Jeżeli nastawiamy się na duszny klimat zamkowy, pochodnie w piwnicach, piękne księżniczki krążące po korytarzach i brawurowych rycerzy poprawiających swoje zbroje to…. to nie jest ten film. Na dzień dobry zobaczymy – mniemam, iż wymaga tego poprawność polityczna – czarnoskórego „rycerza”, który pasuje tutaj jak wół do karety. Później jest niestety jeszcze gorzej. Z marszu musimy się nastawić, iż klimatu średniowiecza tutaj nie uświadczymy, wchodzimy w totalne fantasy i efekt tego zabiegu jest opłakany w skutkach
Kiedy opowiada się historię fantasy, z postaciami fantasy, ważne jest ustalenie zasad, bo inaczej film wkracza w śmieszność i całkowitą nielogiczność. Niestety właśnie tak jest w tej produkcji. Bohaterowie zjawiają się, nagle osiągają zdolności które dla widza są całkowicie „z czapy”, nie ma żadnej logiki w prowadzeniu postaci.

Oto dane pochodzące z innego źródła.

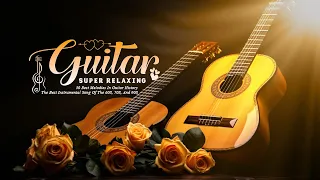 Favorite Melodies in Millions of Hearts, The World's Best Guitar Songs, Relaxing Guitar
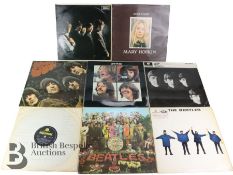 Beatles LP Records
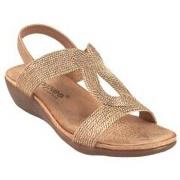 Sportschoenen Amarpies Sandalia señora 26621 abz bronce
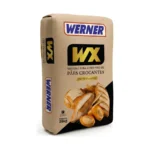 WX PÃES CROCANTES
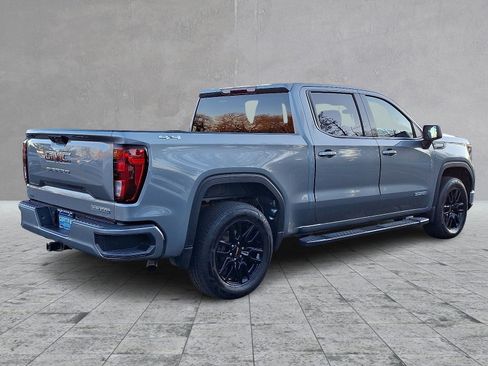 Certified 2024 GMC Sierra 1500 Elevation image 12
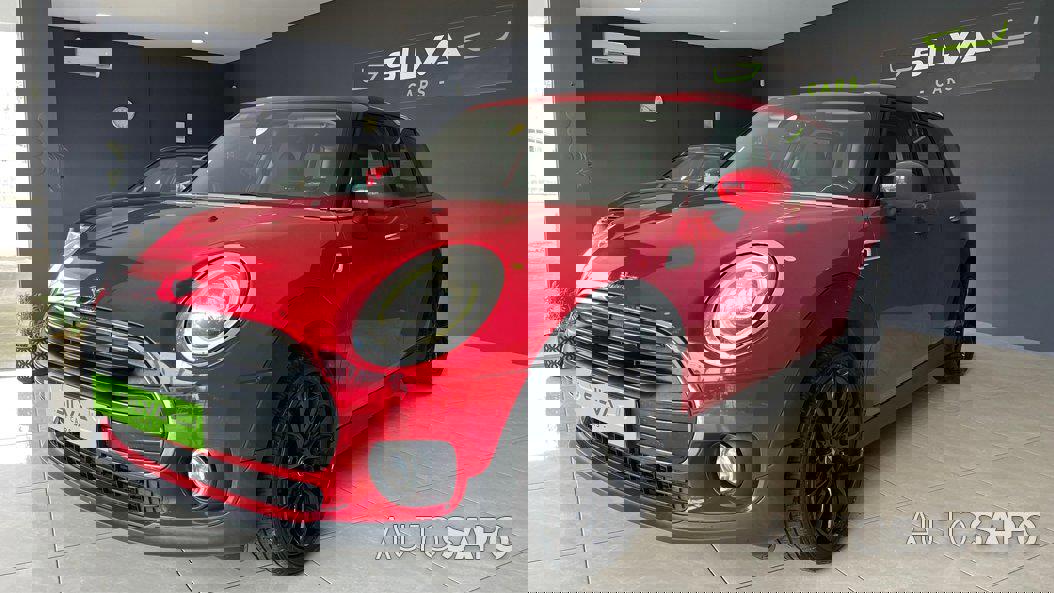 MINI Clubman de 2019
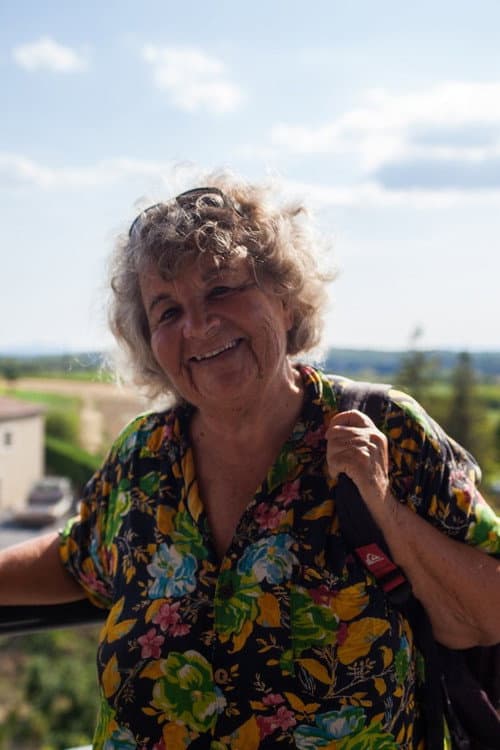 Martine Rousset foto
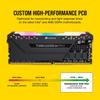 Corsair Desktop PC Memory VENGEANCE RGB PRO Series 32GB X CMW32GX4M2E3200C16 DDR4-3200MHz [2 16GB]
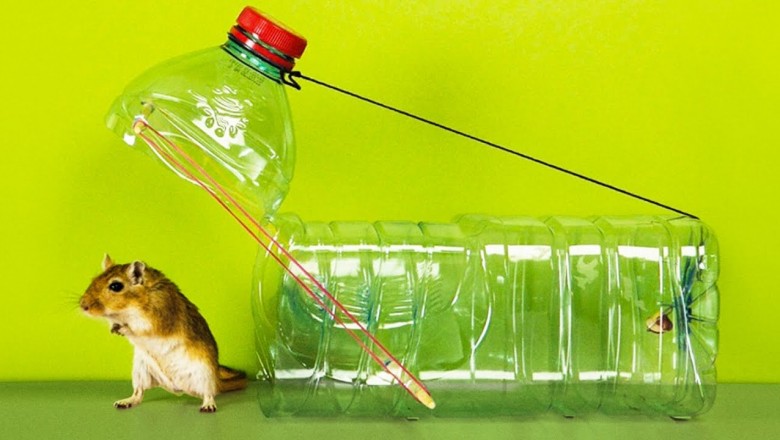 19 практичных лайфхаков с пластиковыми бутылками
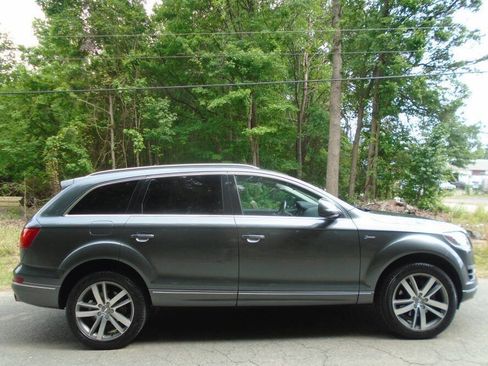 Used 2015 Audi Q7 3.0T Premium Plus AWD/4WD image 4
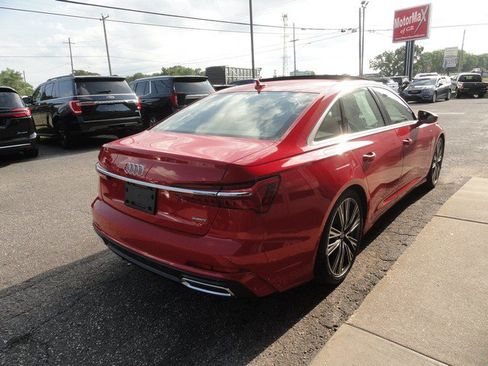 Used 2019 Audi A6 3.0T Prestige w/ Prestige Package AWD/4WD image 4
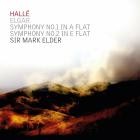 Sir Mark Elder x Halle - Elgar: Symphonies No  1 & No  2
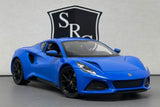 Lotus Emira Blue - Welly 1:24 Diecast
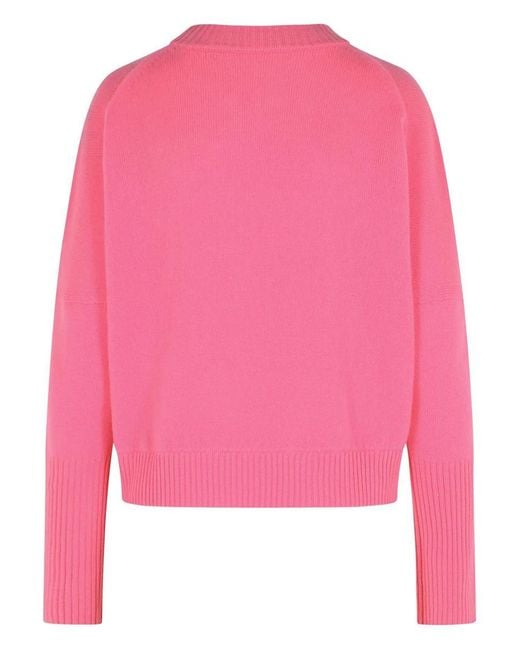 Closed Pink Crew Neck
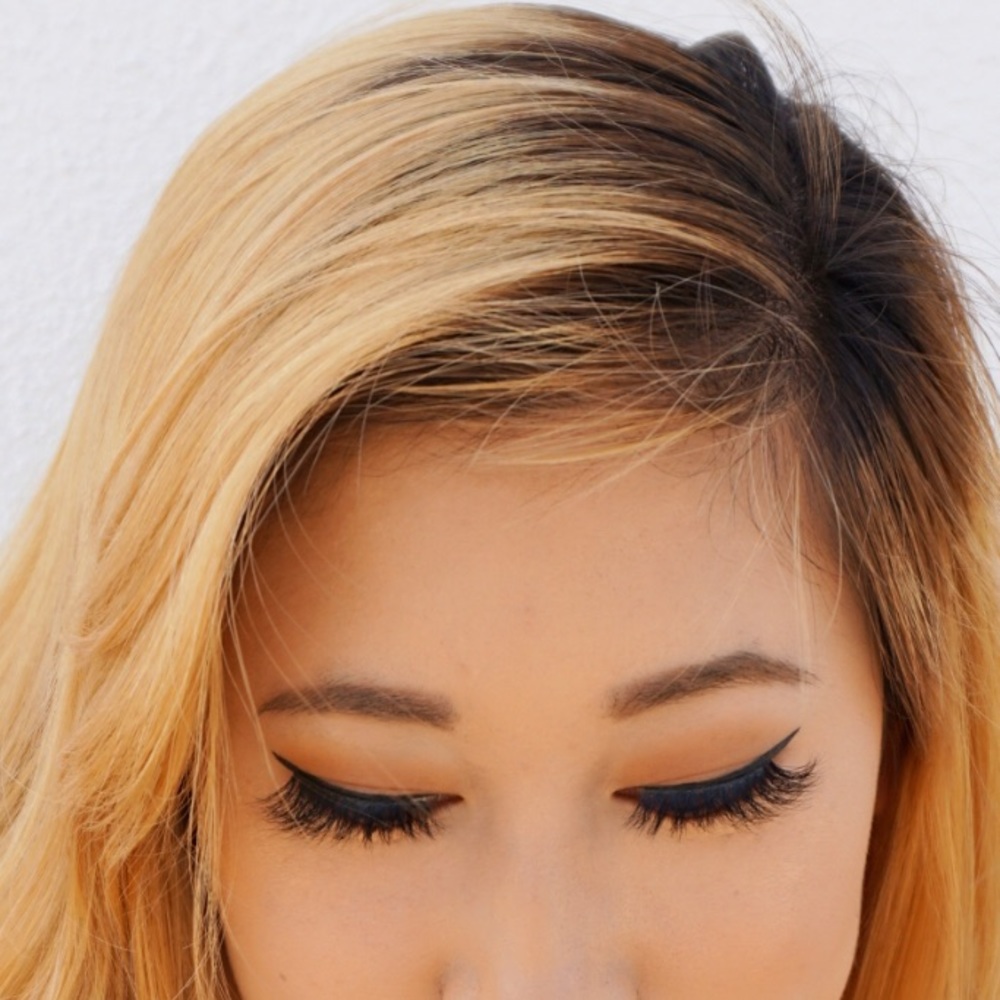 Mink eyelashes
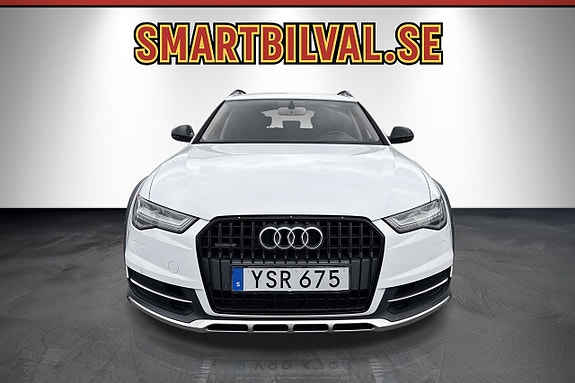 Audi A6 allroad 2 of 5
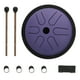 thumbnail image 1 of unbranded Tímpano Portátil Morado Fácil De Usar Para Principiantes Y, 1 of 8
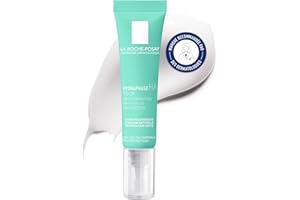 La Roche-Posay - Hydraphase HA - Soin Contour des Yeux Hydratant et Anti-Fatigue - A Base d'Acide Hyaluronique et Caféine - Soin Anti Poche Sous les Yeux - Adapté aux Peaux Sensibles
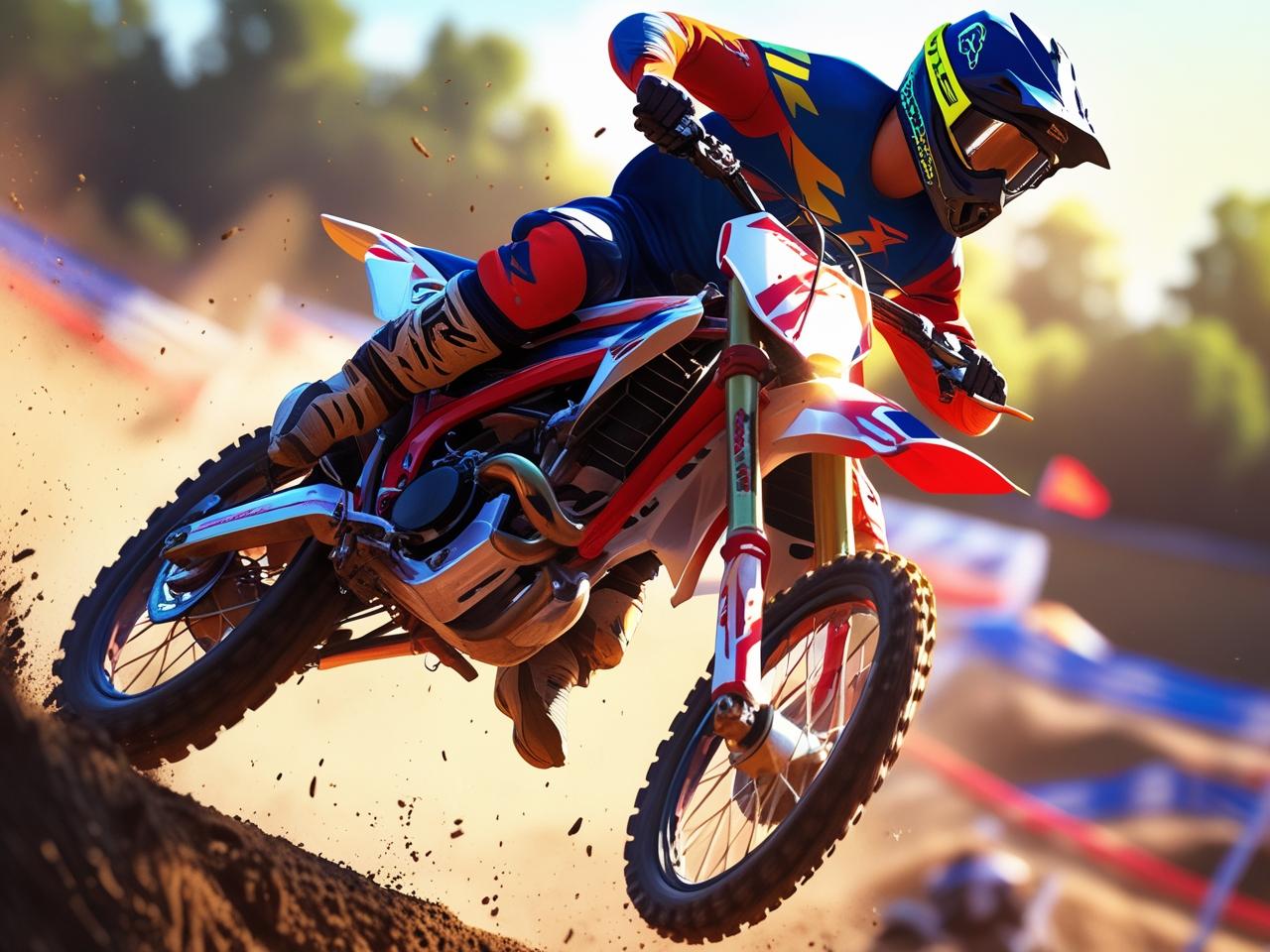 Super Motocross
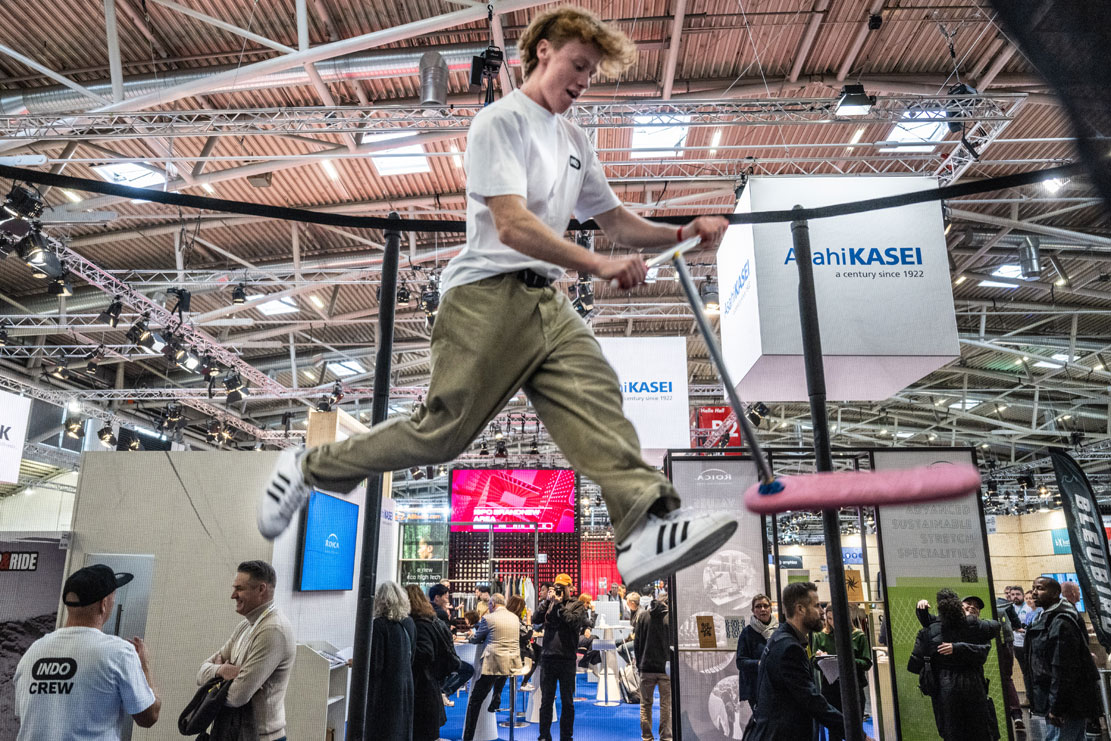 ISPO MUNICH 2022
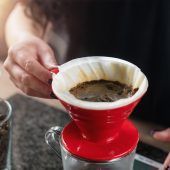 Kaffeesatz schützt Häuser vor dem Auskühlen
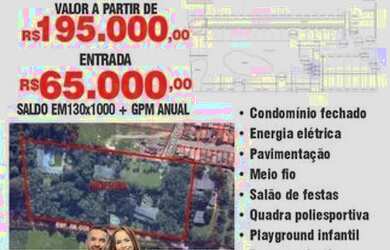 Imagem: O terreno possui 185m² de Área e está localizado em Cidade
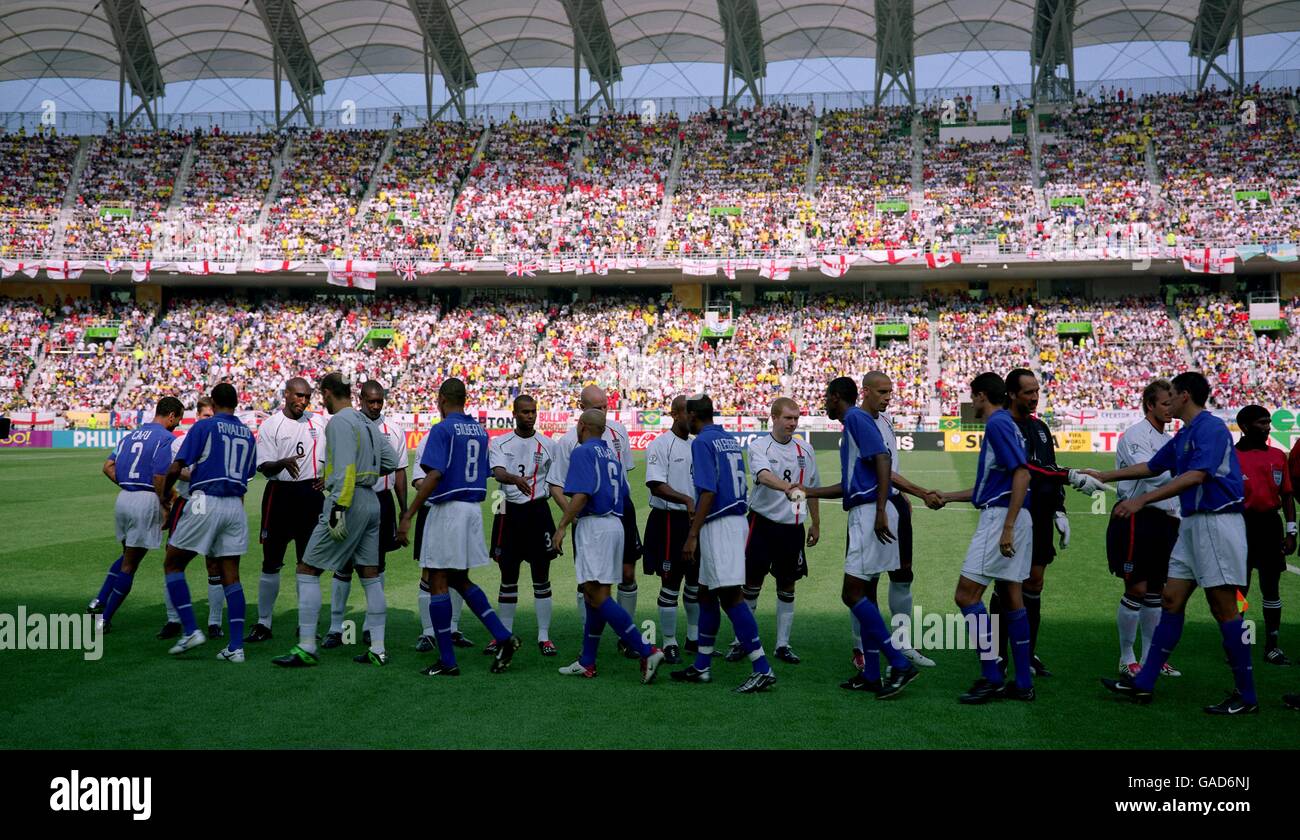 2002 world cup semi final brazil vs england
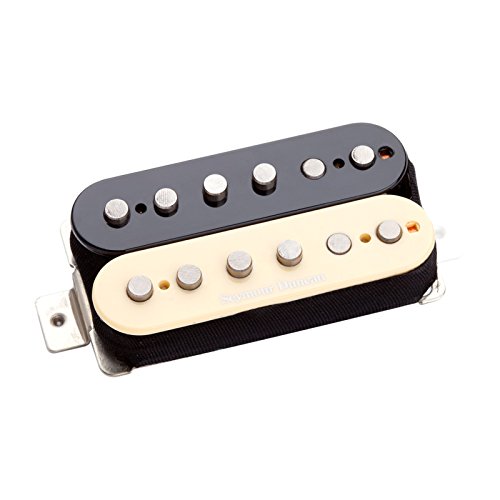 Seymour Duncan modello 3 Zeb Stag Mag SSH Zebra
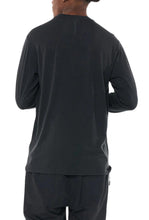 Load image into Gallery viewer, Merino L/S Sup Tee - Basalt-HUFFER-P&amp;K The General Store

W efekcie oglądając to dzieło w atmosferze rozpaczy jesteśmy przenoszeni z jednej sceny do drugiej bez większego sensu, chcielibyśmy zobaczyć jakieś elementy średniowiecznej walki, ale zamiast tego otrzymujemy jakże pasujące tutaj walki karate. Masakra.
Związanie się z postaciami także nie ma najmniejszego sensu chociażby przez ich debilne imiona. Główna bohaterka nawet takiego nie ma, bo jest magiem. Szukamy Sir Lancelota czy Ginewry? To nie tutaj …
Może ten film broni się wizualnie, ale gdybym chciał oglądać latające smoki i słonie to bym poszedł może na coś z góry traktujące o tej tematyce. Muzycznie także wkraczamy w erę hop siup, nie nastawiajmy się na nic w klimacie „królestwa niebieskiego”.
Jeżeli ktoś może to niech unika jak ognia tego filmu.